**Data extract**
▬▬▬▬▬▬
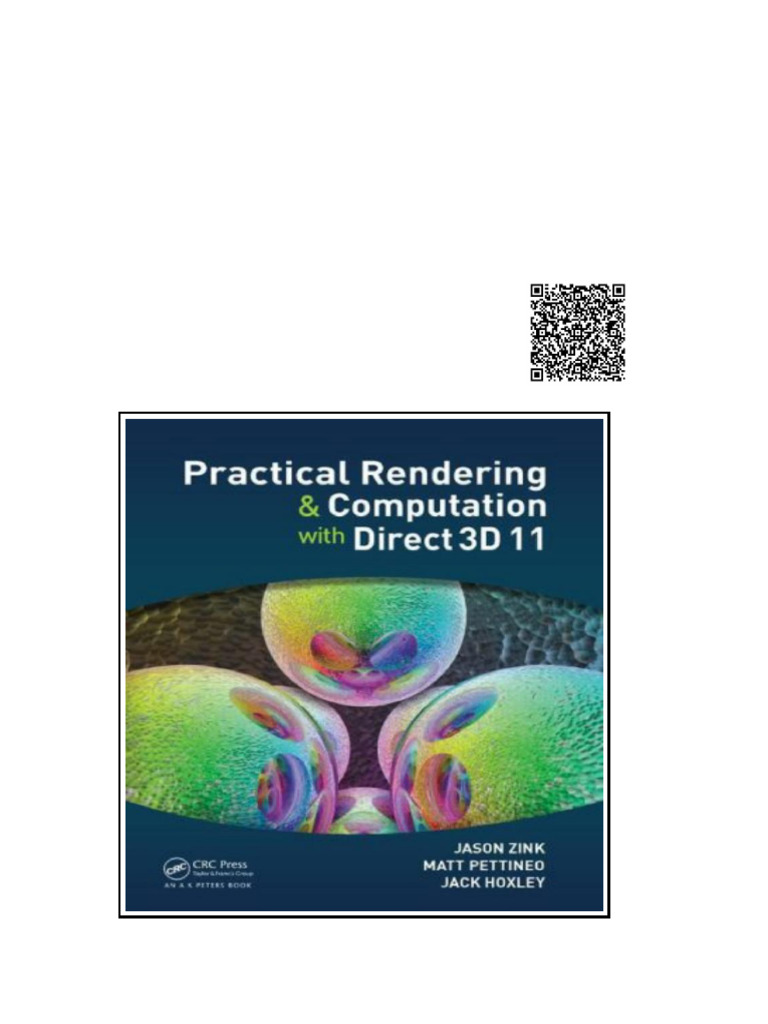 Practical Rendering and Computation With Direct3D 11 1568817207 | PDF ...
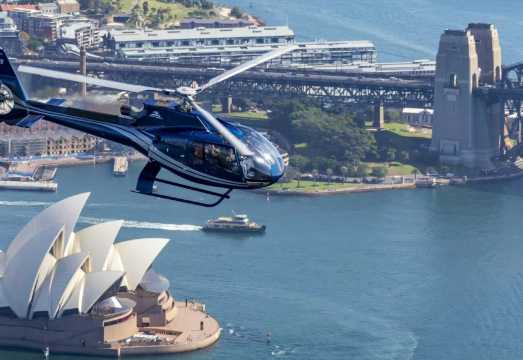 Sydney Helicopter Tour: 20-Minute Scenic Harbour Flight AUD 261.82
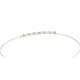 Bracciale tennis a fantasia con diamant carati 0,13 G-VS1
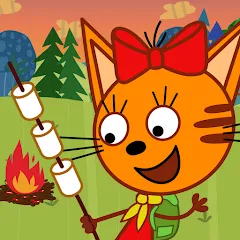 Скачать взлом Kid-E-Cats: Kitty Cat Games!  [МОД Все открыто] - стабильная версия apk на Андроид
▬▬▬▬▬▬
**Required action**
With the pictures excluded, the line containing "Bracciale tennis a" and every line after it through the end of the data above are to be transcribed exactly, and nothing more.

**Worked solution**
 Bracciale tennis a fantasia con diamant carati 0,13 G-VS1
 Скачать взлом Kid-E-Cats: Kitty Cat Games!  [МОД Все открыто] - стабильная версия apk на Андроид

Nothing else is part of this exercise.